If A Second Service is so Valuable…
The original argument that the preacher made was that additional services are spiritually valuable. I assume this is a tautology since I cannot readily think of any way of measuring this assertion, let alone testing or falsifying it. However, this assertion does beg the question: if a second service is so beneficial, why not have a third or fourth service? Why not require that all Christians worship from 12:00:00 AM Sunday morning to 11:59:59 PM Sunday night? Would not this arrangement be the most spiritually beneficial one?
Of course, these questions exist merely to point out an absurdity. Namely, that the vast majority of people recognize the concept of diminishing returns. Yes, worship is good and beneficial, but there comes a point where each additional minute spent worshiping starts to lose value, and may even turn negative, which is why no church has a twenty-four hour worship service on Sunday. Having established that worship has diminishing returns, the next reasonable question to ask is: how do we know that we don’t experience significantly diminishing returns during second service? There is no way to quantitatively and empirically answer this question. However, this doesn’t mean we shouldn’t think about it.
Incidentally, I am familiar with a couple of congregations who cancelled their evening services. Both congregations were happier, and said their morning worship felt more meaningful. I do not have further data, but this anecdotal evidence suggests that the second service may not be as beneficial.
Are Human Beings Finite?
This is also another key question to ask, as its answer indicates that humans, being finite creatures, have a limited capacity for learning and encouragement. Paul himself noted that much study (presumably of the Bible) was wearisome to the flesh. Furthermore, it is tautological that there are limits to human emotion. As such, it follows necessarily that there are limits to just how much a Christian can learn during worship, and how encouraged he can become.
Of course, this truism is borne out to some extent in the aforementioned thought experiment about diminishing returns. There is nothing that so readily demonstrates man’s finite capacity as diminishing returns. In keeping with this observation, then, that man is finite, the following question must be asked: if man is finite in his capacity for learning and encouragement, why not try to maximize one’s feeling of encouragement and one’s learning in one service instead of two or more?
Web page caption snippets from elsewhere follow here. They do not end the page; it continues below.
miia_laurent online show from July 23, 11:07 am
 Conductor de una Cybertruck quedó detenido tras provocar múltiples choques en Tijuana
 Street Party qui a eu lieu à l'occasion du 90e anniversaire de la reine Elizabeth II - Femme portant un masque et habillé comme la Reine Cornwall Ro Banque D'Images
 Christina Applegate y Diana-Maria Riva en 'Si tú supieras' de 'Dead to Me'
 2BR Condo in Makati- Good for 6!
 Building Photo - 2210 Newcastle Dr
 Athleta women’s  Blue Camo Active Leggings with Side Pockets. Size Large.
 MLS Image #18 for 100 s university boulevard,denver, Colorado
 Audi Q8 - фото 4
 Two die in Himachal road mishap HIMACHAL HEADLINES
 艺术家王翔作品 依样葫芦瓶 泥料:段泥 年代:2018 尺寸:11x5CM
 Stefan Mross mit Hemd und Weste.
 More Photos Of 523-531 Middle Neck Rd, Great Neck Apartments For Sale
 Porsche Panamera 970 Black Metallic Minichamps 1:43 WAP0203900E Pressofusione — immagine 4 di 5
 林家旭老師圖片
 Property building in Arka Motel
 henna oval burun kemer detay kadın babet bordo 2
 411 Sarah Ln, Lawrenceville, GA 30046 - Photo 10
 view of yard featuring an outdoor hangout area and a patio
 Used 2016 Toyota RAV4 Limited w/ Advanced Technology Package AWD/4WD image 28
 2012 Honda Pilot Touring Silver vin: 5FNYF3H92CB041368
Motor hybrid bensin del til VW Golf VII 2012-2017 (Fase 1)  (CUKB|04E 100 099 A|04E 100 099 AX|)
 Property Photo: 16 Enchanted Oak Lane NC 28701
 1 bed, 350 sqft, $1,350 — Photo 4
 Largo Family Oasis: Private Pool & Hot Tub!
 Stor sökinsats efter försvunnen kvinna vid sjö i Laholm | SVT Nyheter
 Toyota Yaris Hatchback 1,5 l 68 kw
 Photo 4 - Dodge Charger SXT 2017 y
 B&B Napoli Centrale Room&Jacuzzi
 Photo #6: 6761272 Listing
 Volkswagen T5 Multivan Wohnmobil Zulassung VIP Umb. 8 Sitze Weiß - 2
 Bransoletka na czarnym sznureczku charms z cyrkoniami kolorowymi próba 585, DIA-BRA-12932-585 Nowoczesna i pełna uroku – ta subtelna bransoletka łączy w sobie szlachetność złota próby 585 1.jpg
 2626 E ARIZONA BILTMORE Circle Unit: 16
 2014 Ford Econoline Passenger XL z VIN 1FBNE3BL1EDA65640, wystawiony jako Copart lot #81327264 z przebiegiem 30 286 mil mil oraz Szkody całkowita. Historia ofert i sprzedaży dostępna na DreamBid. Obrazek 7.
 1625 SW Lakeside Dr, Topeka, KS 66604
To put it another way, if worship is so encouraging, and such a good opportunity for learning, why can’t congregations reach their members’ capacity for encouragement and learning in a single service? Does this inability to satiate men’s finite capacities suggest some sort of failure? To state it yet another way, why is it that we don’t try to satiate men’s capacity for encouragement and learning in a single service? And are we failing one another if we don’t?
Summary and Implications
As is clearly seen, the second service was sinful in its conception and initial practice. It has been deified by some, but even its staunchest supporters will not agree to adding a third, fourth, or twenty-four service because they themselves recognize the diminishing value of additional meetings, even though they seem not to recognize man’s finite capacity for the benefits of worship. Thus, the defenders of second service are put in the untenable position of hypocritically defending a practice born in evil. Worse still, if they argue the spiritual primacy of having a second service, they are in effect condemning those Christians before them who never had an evening service. Therefore, it should be clear that evening service is unnecessary at best and corrupting at worst. Thus people should not only refrain from complaining or worrying about its demise, but should be actively encouraging it.